Euclidean distance is the L2 norm and Manhattan distance is the L1 norm.
OLS regression vs. robust regression (fit with sum of absolute errors) is another example of L2 vs. L1 norms.
L1 and L2 norms calculate the magnitude of a vector. We used magnitude to calculate the distance of the vector between two points in n dimensional space. We mimimized the magnitude of a vector composed of the errors in regression. Here we are calculating the magnitude of a vector composed of all the parameter estimates (to apply a penalty based on that magnitude)

Lambda

How does the value of Lambda affect LASSO and Ridge?

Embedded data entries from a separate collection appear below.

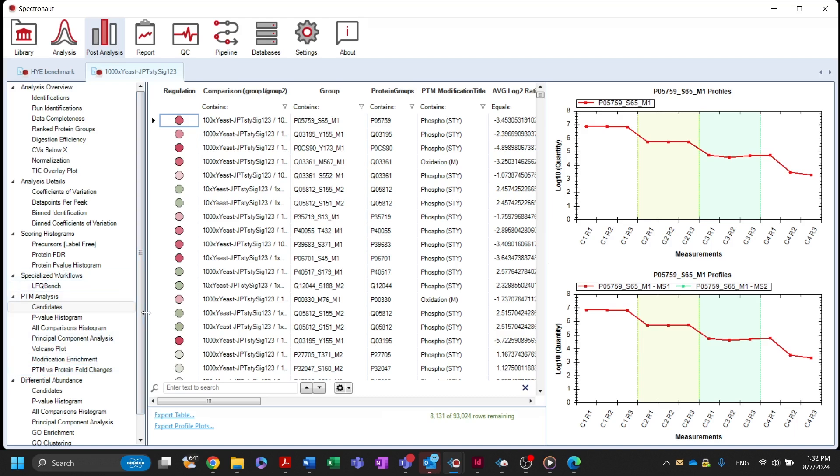The candidates table contains a list of differentially abundant modification sites with their corresponding log2 fold changes and Q-values. The identification key for the specific modification site and multiplicity can be found in the group column.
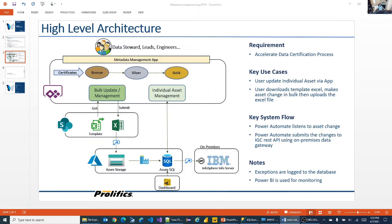Just to reiterate: we are creating an application that accelerates the data certification process. The data steward's objective is to put a data set through bronze, then silver, then gold certification. Bronze has about eight to ten attributes that need to be completed; silver has a few more in addition to bronze, and gold has a few more in addition to silver. This is the progression.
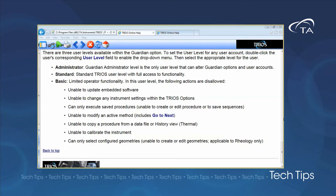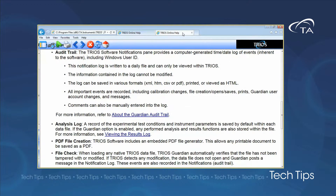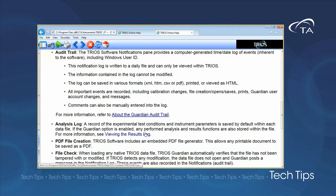The TRIOS Guardian features include the collection of an audit trail, an analysis log, PDF file creation, and file integrity check.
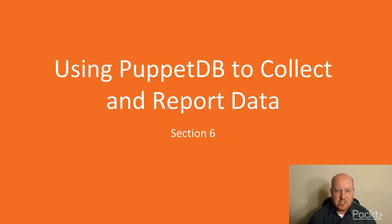This is Section 6, Using PuppetDB to Collect and Report Data.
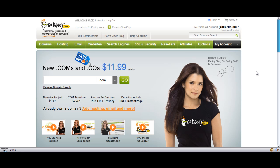Most people I talk with have a GoDaddy account for their domain, but they have their hosting account with another company. So what you'd have to do is take your GoDaddy domain and have it forwarded or set to point to your website at your other hosting company.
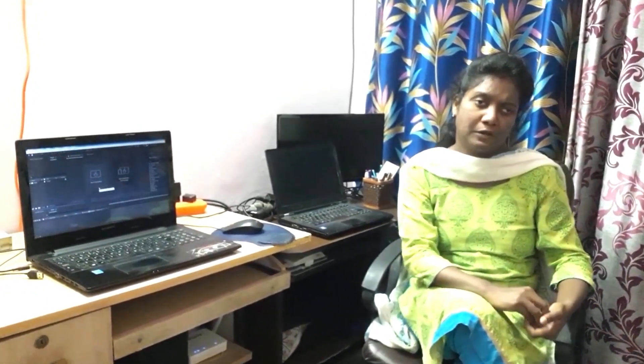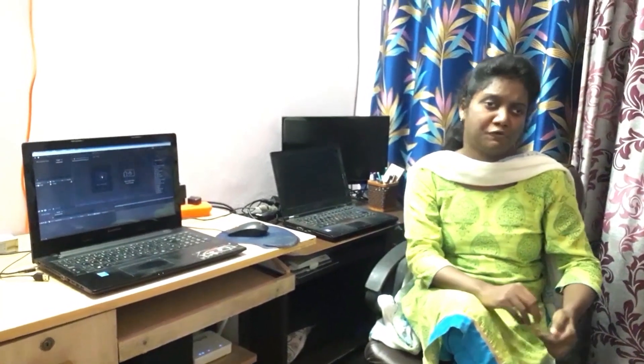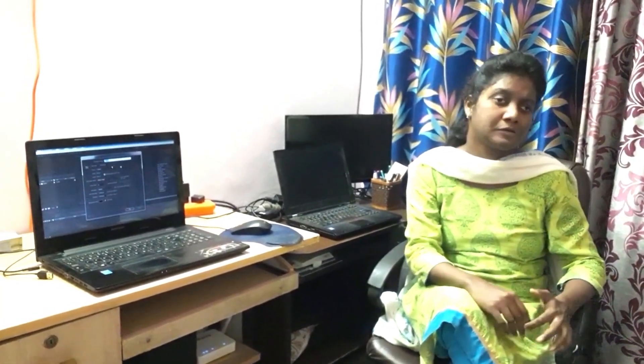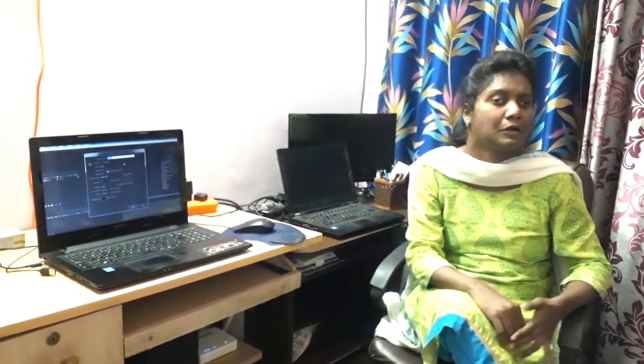Hi friends, welcome to my channel. This is Santhus Weber. In this video, I will show how to make lower thirds using After Effects. Watch it, you will understand easily and make your own video.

LASSO vs. Ridge Comparison

With respect to the parameter estimates:

LASSO yields sparse solution (some parameter estimates set to exactly zero)
Ridge tends to retain all features (parameter estimates don’t get set to exactly zero)
LASSO selects one feature among correlated group and sets others to zero
Ridge shrinks all parameter estimates for correlated features

Ridge tends to outperform LASSO wrt prediction in new data. There are cases where LASSO can predict better (most features have zero effect and only a few are non-zero) but even in those cases, Ridge is competitive.

Advantages of LASSO

Does feature selection (sets parameter estimates to exactly 0)
- Yields a sparse solution
- Sparse model is more interpretable?
- Sparse model is easier to implement? (fewer features included so don’t need to measure as many predictors)
More robust to outliers (similar to LAD vs. OLS)
Tends to do better when there are a small number of robust features and the others are close to zero or zero

Advantages of Ridge

Computationally superior (closed form solution vs. iterative; Only one solution to minimize the cost function)
More robust to measurement error in features (remember no measurement error is an assumption for unbiased estimates in OLS regression)
Tends to do better when there are many features with large (and comparable) effects (i.e., most features are related to the outcome)

Elasticnet

Cost function

\(\frac{1}{n}([\sum_{i = 1}^{n} (Y_i - \hat{Y_i})^{2}] + [\:\lambda (\alpha\sum_{j = 1}^{p} |\beta_j| + (1-\alpha)\sum_{j = 1}^{p} \beta_j^{2})\:])\)
Lambda works the same
What does alpha (blending/mixture hyperparameter) do

PCA, PRC, and PLS

PCA

See appendix and section 12.2 in James et al

PCR

GLM with PCA as part of feature engineering
Tune number of components retained
Doesnt derived components based on Y
Very similar to Ridge

PLS

Modification where components are derived to predict Y
Still prefer ridge generally

All do dimensionality reduction but NOT feature selection. Still need to measure all predictors

Interpretation is reduced with these methods because the features are linear combinations of the original predictors. So we can’t say anything about the importance of the original predictors in these models.